> _Record excerpts_
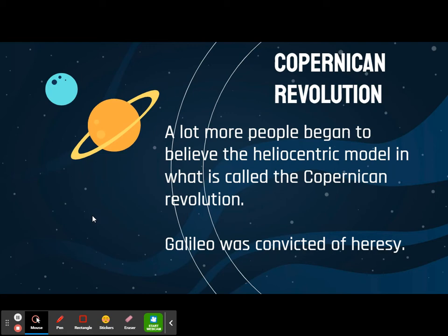Then a lot more people began to believe the heliocentric model. It was called the Copernican Revolution, and it made the church really, really, really mad. Basically, they took Galileo to court, and they convicted him of heresy. They said that this was against God, against the Bible, against everything — it was against the church. And he got into seriously big trouble about that.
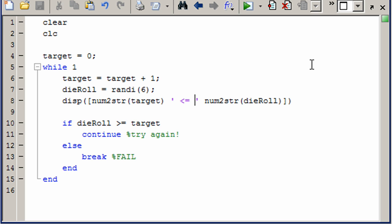So that shows you how you can use the keywords break and continue to help with your control flow. There's other ways of doing this of course, but I think this is the cleanest and easiest to understand.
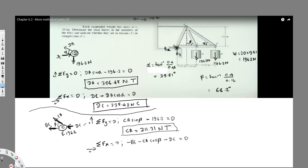We know CA and DC, and we need to find BC. The result comes out to be a negative number, which means the assumed direction for BC was wrong and we need to correct it. BC equals 313.89 Newtons in the corrected direction, which is toward the pin joint, so BC is in compression.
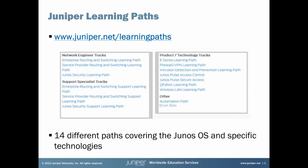Hi, this is James Sondrager here at Juniper Networks Education Services. Are you familiar with our learning paths? We offer 14 different paths covering the Junos OS and specific Juniper technologies. Each path shows the courses we offer and the relevant certifications in the order we suggest to maximize your learning. Just visit www.juniper.net/learningpaths to get started.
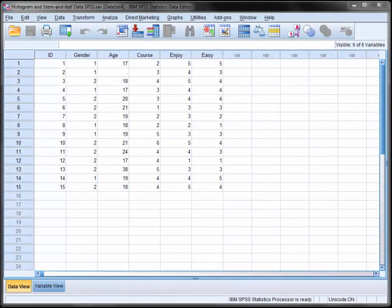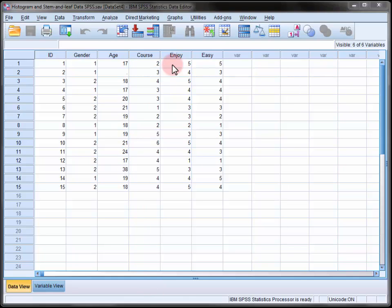Here we're looking at the responses of 15 students to a 5-item survey. In this video we'll use SPSS to plot the distribution of course enjoyment using both a histogram and a stem and leaf plot.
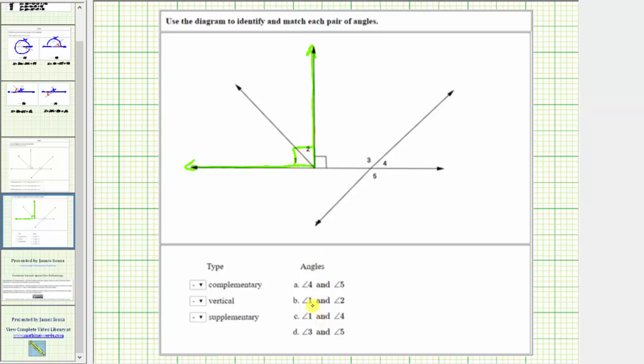Looking at our choices, notice B is angle one and angle two. We select B for complementary angles.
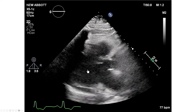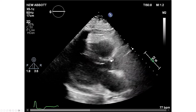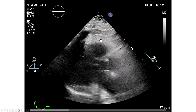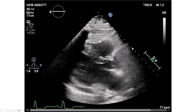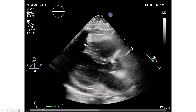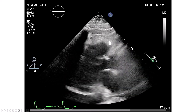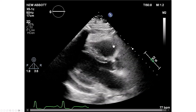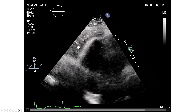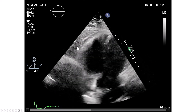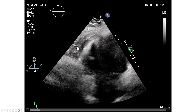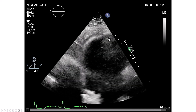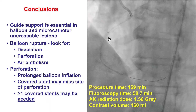We did an echocardiogram in the procedure room after the procedure was done. There is a very small pericardial effusion, with some staining along the wall of the right ventricle, potentially from contrast going there — again, a very small effusion. The patient did well and did not require any additional treatment for the right coronary artery.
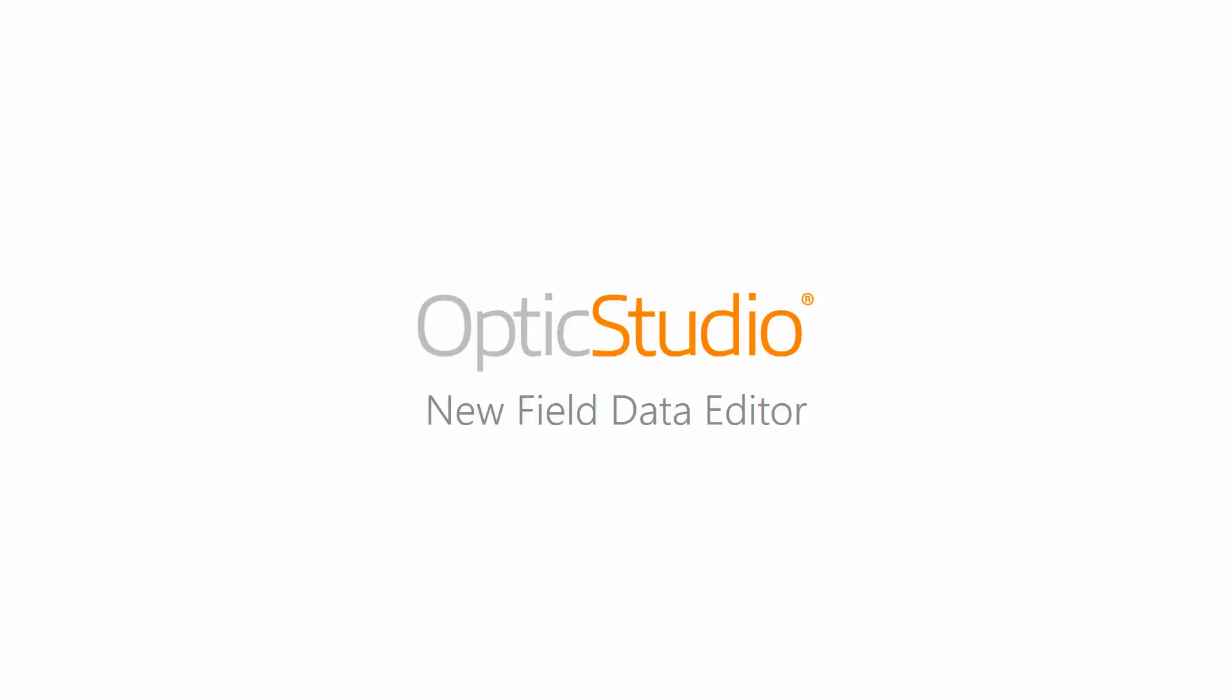Hello. Here I will be introducing the new Field Data Editor feature. This marks a significant change in how we enter and edit field data in OpticStudio, so I'm going to be showing you some of this feature's current capabilities.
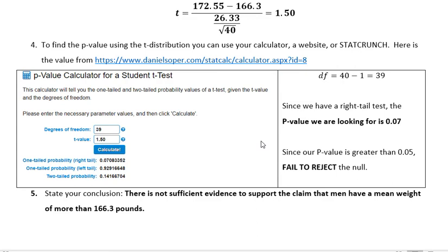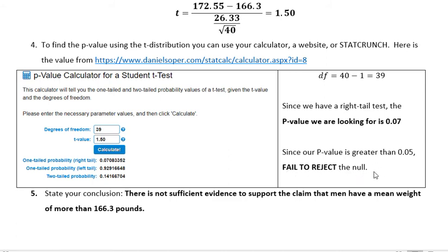Now we compare our p-value to the significance level of 0.05. Since the p-value of 0.07 is greater than the significance level, the p-value is high, the null will fly — which means we fail to reject. The claim in this problem was the alternative, and we failed to reject the null, so there is not sufficient evidence to support the claim that men have a mean weight of more than 166.3 pounds. That's our final conclusion based on finding the test statistic, finding the p-value, and comparing the two.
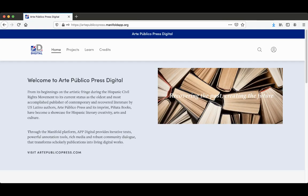Hi, welcome to Arte Público Press Digital, or APP Digital as we like to call it.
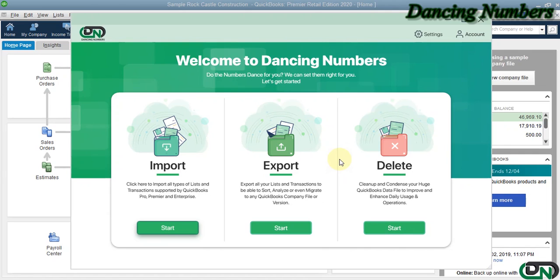Hello and welcome to Dancing Numbers. After installing and connecting Dancing Numbers with QuickBooks Desktop, we can start importing, exporting, or deleting the information as required.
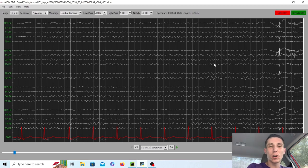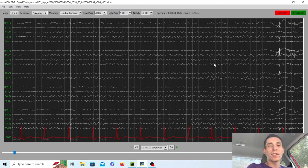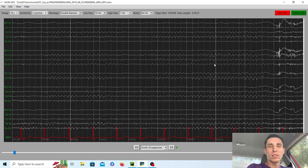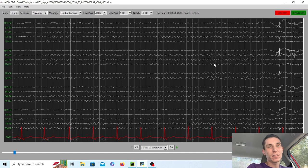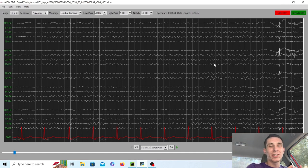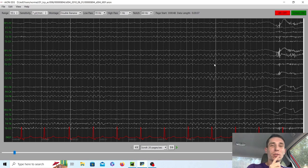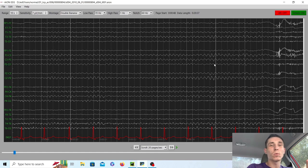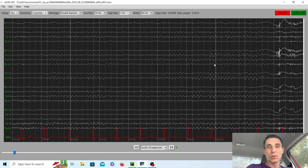She's currently on Depakote for her seizures and I guess she's getting essentially a checkup EEG. She's been having trouble sleeping lately but luckily in this EEG we have some good news. She was able to fall asleep and we're able to see not only vertex waves in stage one and two sleep, we're also able to see sleep spindles in stage two sleep.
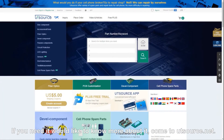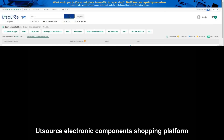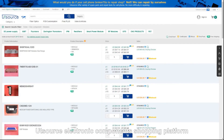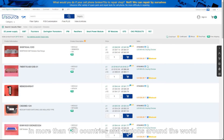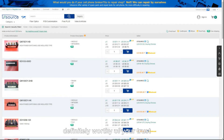If you need it, or would like to know more about it, come to utsource.net — UTSource electronic components shopping platform. Over 10 years of service in more than 180 countries and regions around the world. We are professional, definitely worthy of your trust. We are awaiting your visit.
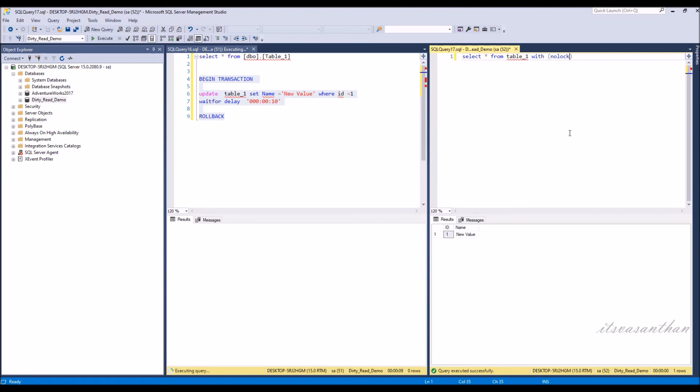Due to rollback, when you run the same select query again, the old values will be rolled back. Using NOLOCK, we can also see the uncommitted values. Thank you for watching.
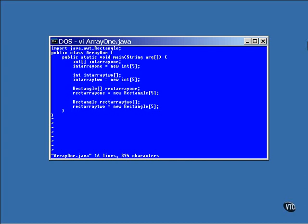The creation of an array is a two-step process. First, you create a reference to the array. This first line creates a reference named intArray1. This is a reference to an array of integers. This is not an array.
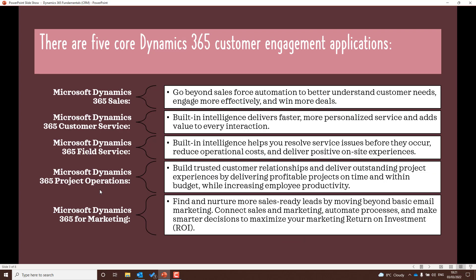So what is customer engagement all about? CRM stands for customer relationship management. There are five different applications that we can look at: sales, customer service, field service, project operations, and marketing.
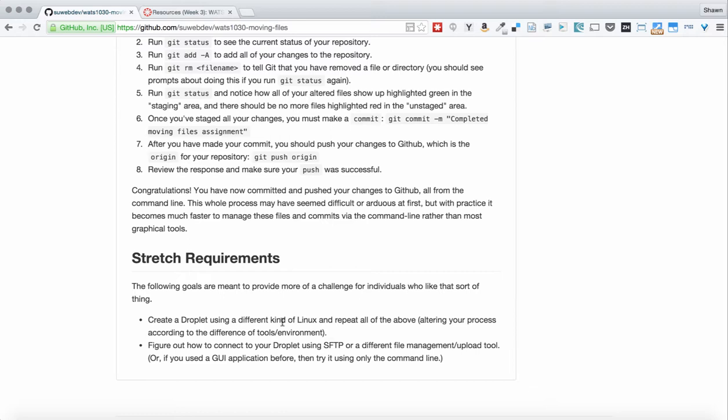If you're looking for stretch requirements, then I highly recommend that you try creating a droplet with a different kind of Linux. I also recommend that you try connecting to your droplet using as many different tools as possible. You could use different file management tools, SFTP tool, a graphical WinSCP tool, or a graphical SCP tool like WinSCP, or something like that. You could do all sorts of different things to actually connect to your droplet and make modifications.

> _Directions_
Would you copy out, exactly and with no pictures, only the lines above from the one that contains "Hello. Here I" through the one that contains "She's currently on"?

> _Completed exercise_
Hello. Here I will be introducing the new Field Data Editor feature. This marks a significant change in how we enter and edit field data in OpticStudio, so I'm going to be showing you some of this feature's current capabilities.
Now we compare our p-value to the significance level of 0.05. Since the p-value of 0.07 is greater than the significance level, the p-value is high, the null will fly — which means we fail to reject. The claim in this problem was the alternative, and we failed to reject the null, so there is not sufficient evidence to support the claim that men have a mean weight of more than 166.3 pounds. That's our final conclusion based on finding the test statistic, finding the p-value, and comparing the two.
Hi, welcome to Arte Público Press Digital, or APP Digital as we like to call it.
Hello and welcome to Dancing Numbers. After installing and connecting Dancing Numbers with QuickBooks Desktop, we can start importing, exporting, or deleting the information as required.
She's currently on Depakote for her seizures and I guess she's getting essentially a checkup EEG. She's been having trouble sleeping lately but luckily in this EEG we have some good news. She was able to fall asleep and we're able to see not only vertex waves in stage one and two sleep, we're also able to see sleep spindles in stage two sleep.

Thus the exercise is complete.